The face-scan latency budget revisited
With the query engine running locally, here is the full pipeline from camera frame to on-screen profile:
| Stage | Time |
|---|---|
| Frame capture and preprocessing | 30 ms |
| Face embedding extraction (vision model) | 400 ms |
| Nearest-neighbour lookup (embedding index) | 50 ms |
| CRM profile query (our engine, local) | 0.4 ms |
| UI render (React, single component update) | 8 ms |
| Total | ~489 ms |
Under 500 ms. Under 200 ms for everything after the vision model. The guest is still 4 steps from the desk.
Replace the local CRM query with a server round-trip:
| Stage | Time |
|---|---|
| Frame capture and preprocessing | 30 ms |
| Face embedding extraction | 400 ms |
| Nearest-neighbour lookup | 50 ms |
| CRM API call (network + query + response) | 250 ms |
| UI render | 8 ms |
| Total | ~738 ms |
Still under 1 second in the best case. But add VPN overhead (common in hotel chains), database connection pool exhaustion during peak check-in hours, and a second query for loyalty details, and you are at 1.2 to 1.8 seconds. The budget is tight. There is no margin for retry on network failure.
With the local engine, the CRM query is 0.4 ms. There is room for three redundant queries, a full stay history lookup, and a loyalty calculation before you reach 10 ms. The network was the bottleneck. We removed the network.
Multi-property data architecture
Hotel chains operate across dozens or hundreds of properties. A single-property dataset (500,000 profiles) fits in the browser comfortably. A chain-wide dataset (5 million to 50 million profiles) does not.
Our architecture handles this with a tiered data strategy:
Local tier (browser). The current property's guest database. Full columnar dataset, dictionary-encoded, cached in browser memory. All queries run locally. This covers 95% of front desk interactions (guests who have stayed at this property before).
On-demand tier (server). For guests not found in the local dataset (first-time visitors to this property who have stayed at other properties in the chain), the engine falls back to a server query. The result is cached locally for the duration of the session.
Sync tier (background). Overnight, the local dataset is refreshed with updated chain-wide data for guests likely to visit (based on reservations, loyalty programme activity, and seasonal patterns).
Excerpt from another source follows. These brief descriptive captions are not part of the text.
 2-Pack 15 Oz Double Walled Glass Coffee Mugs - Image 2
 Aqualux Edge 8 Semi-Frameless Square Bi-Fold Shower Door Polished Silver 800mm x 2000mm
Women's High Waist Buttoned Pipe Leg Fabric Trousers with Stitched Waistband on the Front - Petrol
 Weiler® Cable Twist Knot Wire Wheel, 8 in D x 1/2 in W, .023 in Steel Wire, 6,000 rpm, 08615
This pre-populates the local cache with profiles that will be needed during the next day's operations.
The engine abstracts the tier boundary. The application submits a query to the engine. If the data is local, the query runs in 0.4 ms. If the data requires a server fetch, the engine handles the round-trip transparently. The application code does not branch on data location.
Why this is faster than any SaaS CRM
SaaS CRMs are architecturally constrained by their deployment model. The data lives in a multi-tenant database in a data centre. Every query crosses the network. Every interaction pays the latency tax.
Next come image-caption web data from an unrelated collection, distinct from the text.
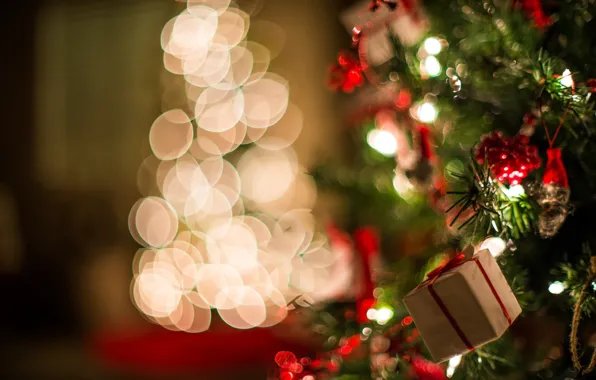 Картинка свет, подарок, елка, новый год, Christmas, боке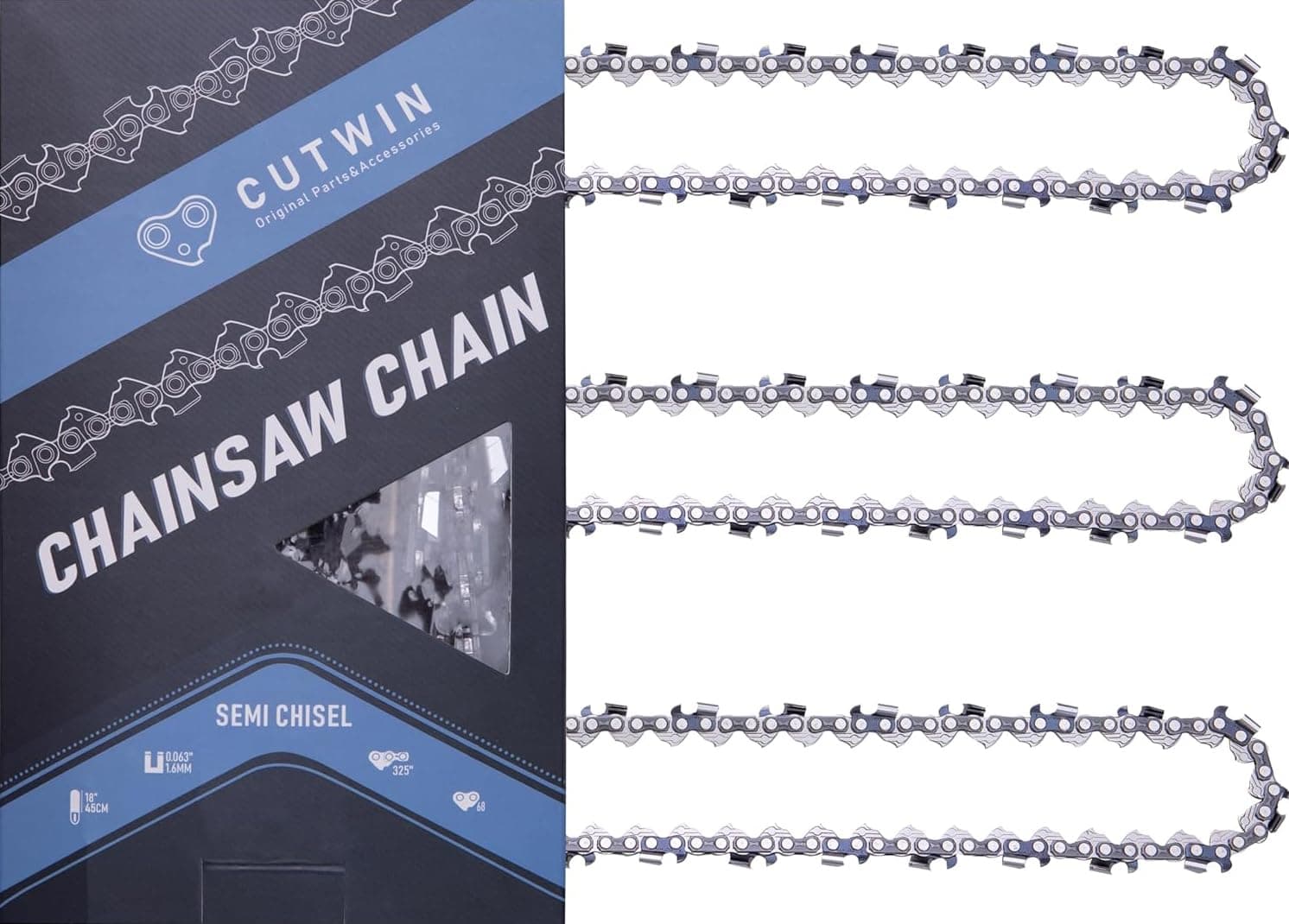Cutwin 3 Pack 18 Inch Chainsaw Chain .325" Pitch .063" Gauge 68 Drive Links, UL ANSI Approved Replacement Chainsaw Blade Fits 021 025 025 C MS230 230C C-BE MS241 C-M MS250 250C MS251 MS251C, CW-L68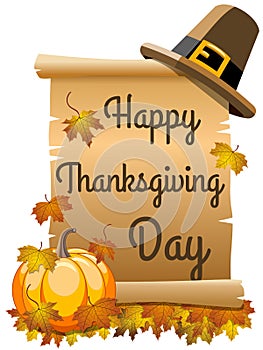 Happy thanksgiving day scroll parchment isolated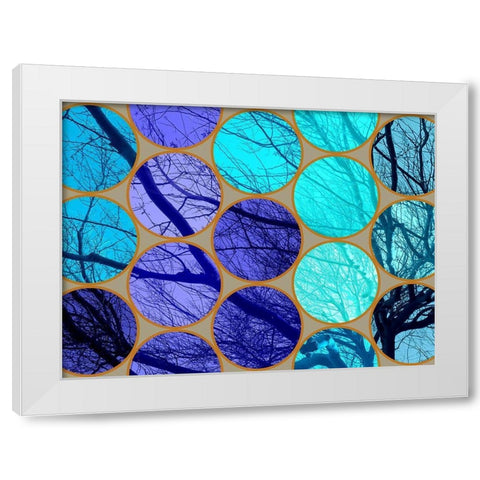 Circle Textures V White Modern Wood Framed Art Print by Grayscale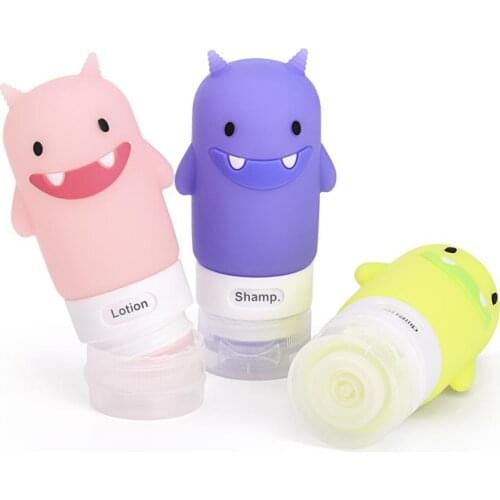 60/80/90ML Food-grade Silicone Bottles Makeup Shampoo Shower Gel Lotion Sub-bottling Tube Cute Travel Squeeze Empty Bottle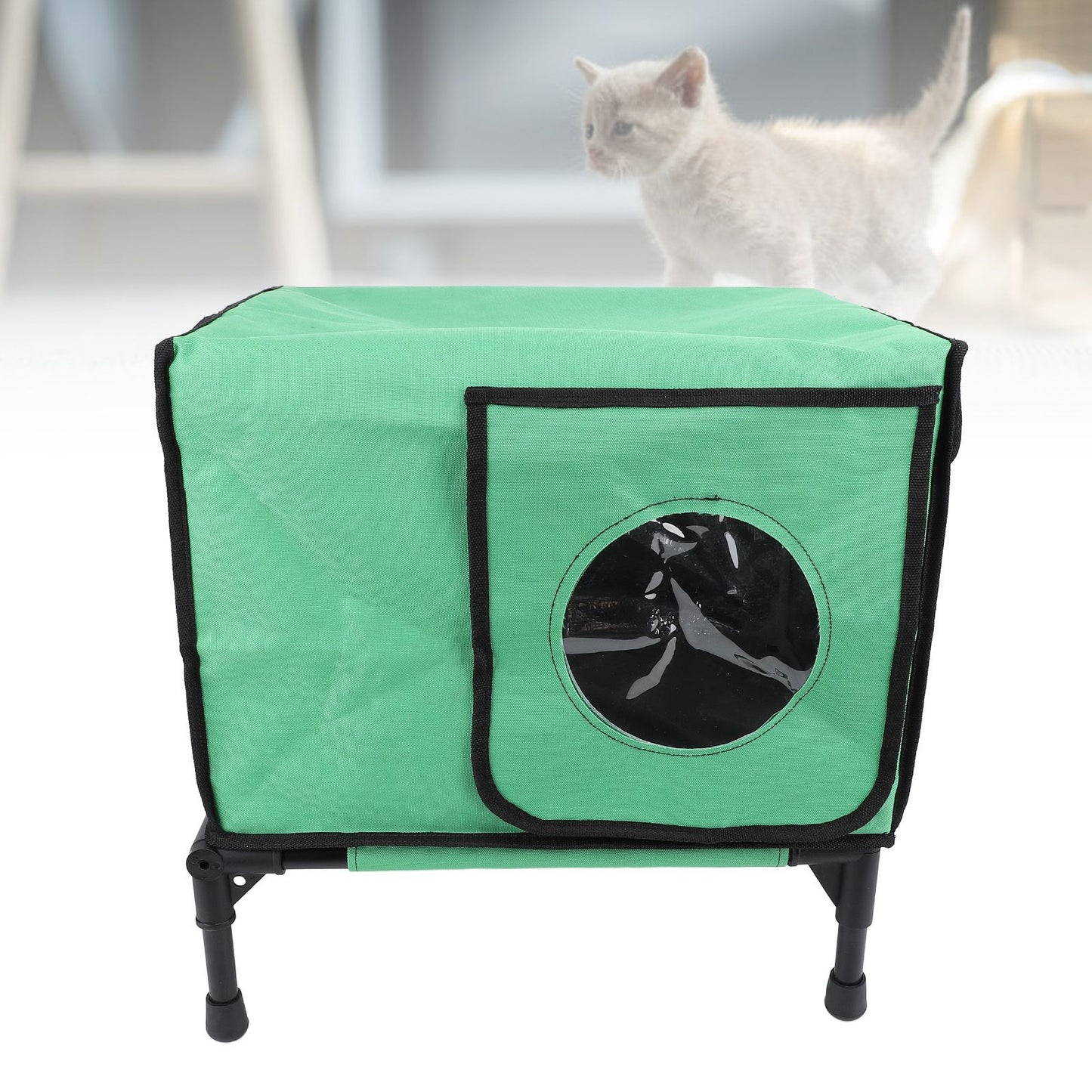 Casinha de Gato Aquecida Elevada e Isolada à Prova de Intempéries para Gatos e Cães Pequenos ao Ar Livre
Even "fast" SaaS CRMs with edge caching and CDN-proxied APIs cannot eliminate the fundamental round-trip. A cached API response is still a network request. HTTP/2 multiplexing reduces connection overhead but not propagation delay. GraphQL reduces payload size but not latency.
Our engine eliminates the round-trip for the 95% of queries that can be served from local data. The remaining 5% fall back to a server call. The average query latency across all interactions: under 5 ms. The p99 (server fallback for unknown guests): 250 ms.
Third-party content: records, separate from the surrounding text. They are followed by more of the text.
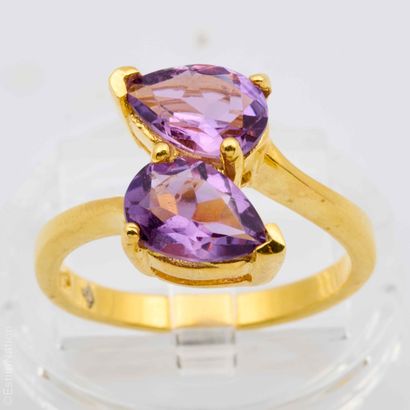 BAGUE AMETHYSTES
Bague en argent doré 925/°°...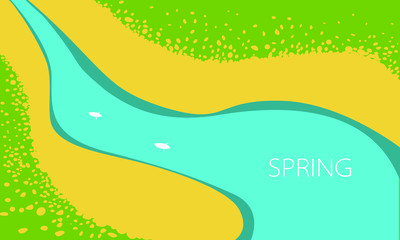 Abstract green background, In the spring of the background,Flowers everywhere, winding rivers.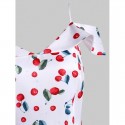 Cherry Print Cami Foldover High Low Dress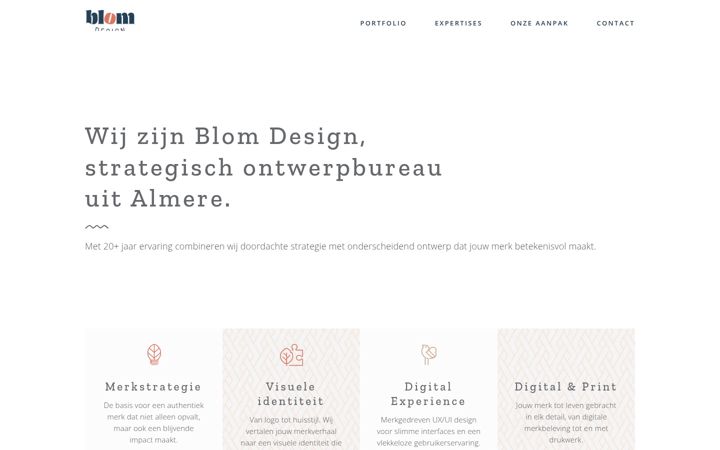 Screenshot of blom-design.nl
No SaaS CRM built on a server-query architecture can match sub-5 ms average query latency. The physics of network propagation prevents it. Moving the data to the client and querying it on the GPU is not an optimization of the existing model. It is a different model.
This is the architecture behind our enterprise AI automation infrastructure applied to hospitality. Probe the hardware. Load the data locally. Query it at hardware speed. Reserve the network for what the network is actually needed for: synchronization and data that does not fit locally. The result is a CRM that responds before the guest reaches the desk.